Multiple MSA senators have also called for another trayless dining survey, among them Student Affairs Committee Chairman Paul Whiteside, whose committee met with Campus Dining Services two weeks ago to talk about healthy eating options and trayless dining.
"They were not conducted on a major scale, nor were they efficiently distributed," Whiteside said. "While I don't believe another survey would reveal definitive support for trayless dining, it may give us a more accurate representation of how strongly the students on campus feel about the issue."
CDS is educating students about portion sizes. Signs tell students how much each hall is wasting and how a couple ounces per student equals major environmental impact. Since the waste tracking began, CDS Marketing Specialist Andrew Lough said the waste has gone down.
Lough said one of the largest problems with the survey was the lack of education that went with it.

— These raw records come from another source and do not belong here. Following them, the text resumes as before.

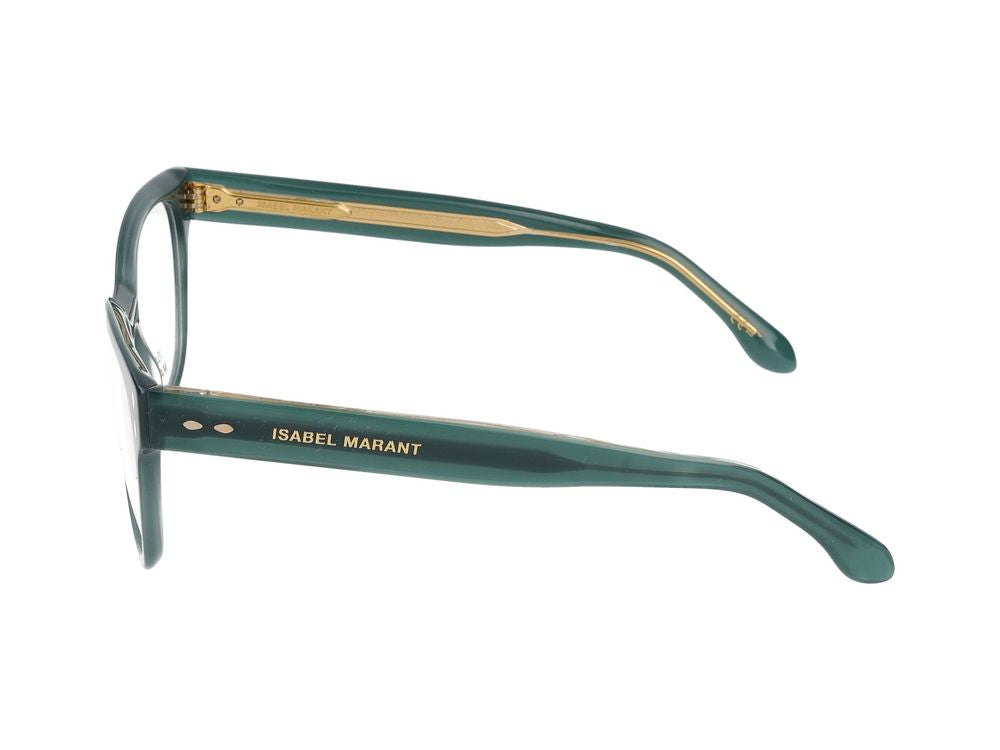 Eyeglasses Isabel Marant IM 0020 1ED Green 52/19/145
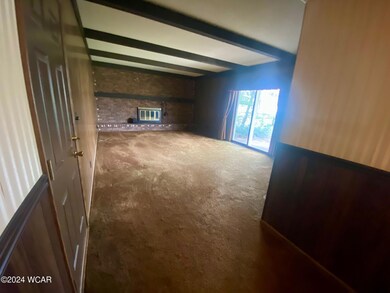 3340 Peachtree Place, Lima, OH 45805 - photo 7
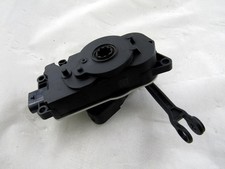 9881646 motorino apertura flap - 9881646,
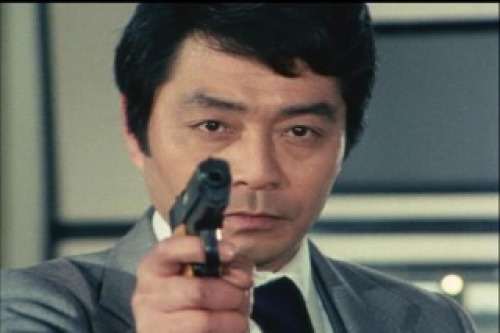 PDVD_002.jpg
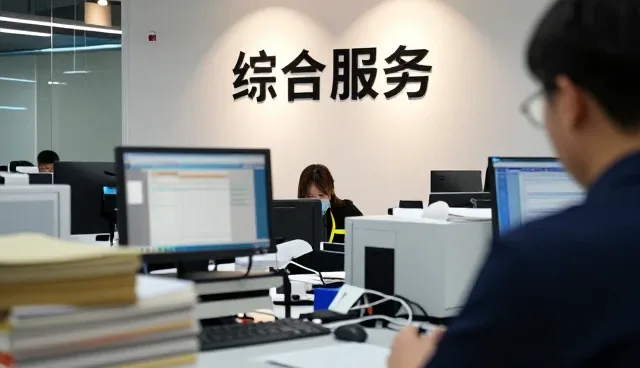 陕西特安特种设备技术服务有限公司
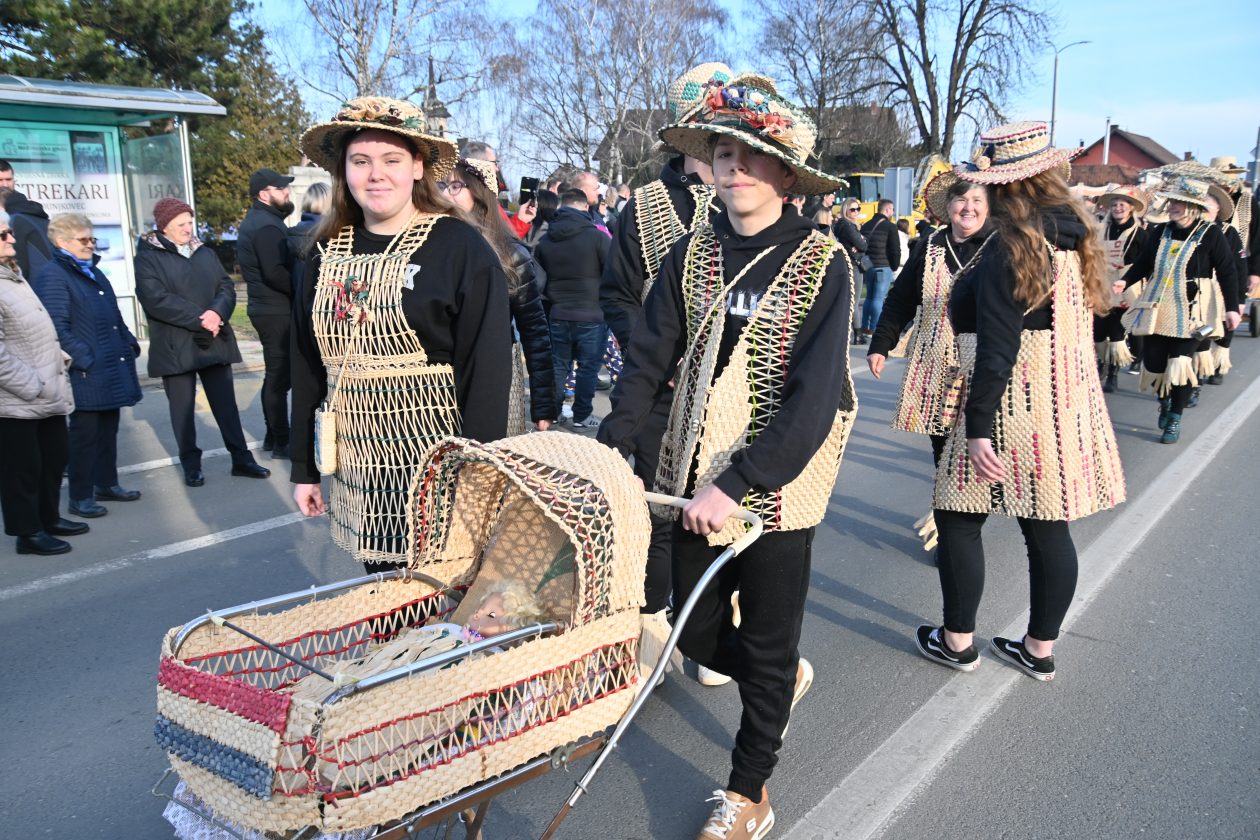 Fašnik Nedelišće 2026 (1)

Students weren't given enough information about the implications of trayless dining. Although it's less convenient, it could reduce waste, which would keep dining costs and environmental detriments down.
Paul said students might not be receptive toward trayless dining at first, but he has hopes it can be accomplished over time.
"I would like to see trays phased out over the summer, perhaps, and then taken out of dining halls completely next year, as long as we don't have people rioting in the streets over them," Paul said.
Lough said other universities have tried going trayless without student support and the results have gone both ways.
"We want to do it with students, not to them," Lough said.
CDS is also hesitant to go forward with removing trays from its dining halls because of a lack of student support.
"I believe recent surveys said around 70 percent of student disapprove of trayless dining and that's too low for us to take trays out of dining halls right now," CDS Nutrition Coordinator Magda Mello said in a previous Maneater report. "We want to have student support before we do something that drastic."